The Leaflet Delusion

In the early days of the 1980 invasion, Iraqi bombers did not just drop bombs. They also dropped leaflets. Written in Persian, these papers urged the Iranian people to rise against their own government, promising that Iran would be safe if the regime changed. Saddam Hussein believed that a regime only one year old, struggling from the post-revolution dismantling of its military, would crumble under the first sign of external pressure.

He was wrong. Instead of fracturing, the Iranian people, including Arabs, Baloch, and Kurds, who had deep grievances against the new government, instantly united for the integrity and sovereignty of Iran. The external threat acted as a catalyst for unity, transforming a chaotic political transition into the “Sacred Defense.”

Today, the leaflets have been replaced by cyber operations and satellite broadcasts amplifying the “Woman, Life, Freedom” movement. The technology is different. The psychology used is identical. The moment foreign missiles touch Iranian soil, the grievance against the state is overtaken by the defense of the homeland. This ceases to be a struggle of civil liberties in Tehran or Isfahan. It becomes a fight against a century of foreign interference.

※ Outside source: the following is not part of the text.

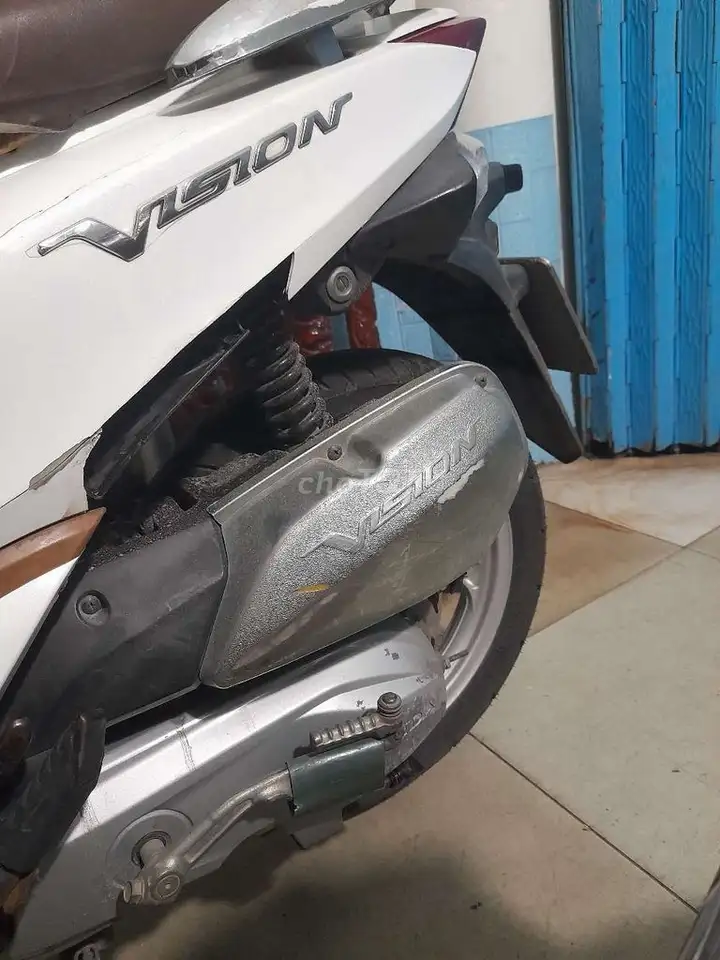 Honda Vision 2014 с документами собственника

This is not accidental. States don’t simply react to threats, but they also interpret them. Tehran’s political elite has spent four decades constructing a national identity built around resisting foreign interference or attacks. Every strike validates that narrative more effectively than any internal propaganda ever could.

The Decapitation Myth

The second pillar of the current strategy appears to be regime decapitation. The belief that removing the supreme leader triggers immediate collapse and opens a path to a pro-Western transition. The Iranian regime is not dependent on the supreme leader alone. Although the supreme leader holds immeasurable authority over the three pillars of the government, the judiciary, the Parliament, and the military, each operates with its own chains of command under the velayat-e-faqih system, deliberately designed so that no single point of failure can bring it down. It is a lesson Iran learned from watching the Shah’s centralized rule collapse overnight.

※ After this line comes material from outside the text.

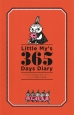 Little　My’s　365　Days　Diary　リトルミイのきまぐれダイアリー　ムーミンと仲間たち　総出演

A “Weakened” Iran Is Still Not 1980

Yes, Iran’s economy is brittle. Yes, domestic anger is real. Critics who call Iran “weak” are not entirely wrong, but they are drawing the wrong conclusion from a correct observation. Economic harsh conditions and national integrity are not the same thing. The Iranian people draw a clear line between grievances against their own government or regime and threats from outside. History provides them with a reason.

In 1953, the CIA overthrew the Iranian elected government to protect Western oil interests. That wound never fully healed. It is reopened by every foreign strike. Unlike 1980, when Iran fought an 8-year war completely alone, today it sits at the center of a regional network stretching from Iraq to Lebanon to Yemen. Weakening the economy has not weakened the strategic posture.

Why This Matters Beyond the Middle East

For most Western analysts, Iran is an abstract problem. For Pakistan, it is a neighbor. Pakistan shares a 909-kilometer border. A destabilized Iran or a refugee crisis coming through Sistan-Balochistan lands directly in Pakistan’s lap, hitting a security situation and an economic recovery that can absorb very little additional pressure. When Washington miscalculates the Iranian pulse, Islamabad feels the tremors first.

The Lesson Still Unlearned

The current campaign risks the same outcome. Strike Iran’s sovereignty, and you don’t weaken the regime. You save it.

Policymakers in Washington and Tel Aviv would do well to review their assumptions. Iran is not a weak state waiting to be liberated; it is a civilization with a long history of defending its soil. From Cyrus to the Sacred Defense, Iranians have repeatedly demonstrated that external aggression does not fracture national will; it forges it. A strategy that ignores this history is not just miscalculated. History has already answered, and it cost eight years of war.

One can only hope that before the next escalation, someone pauses long enough to ask why the last person who tried this spent eight years drowning in the consequences.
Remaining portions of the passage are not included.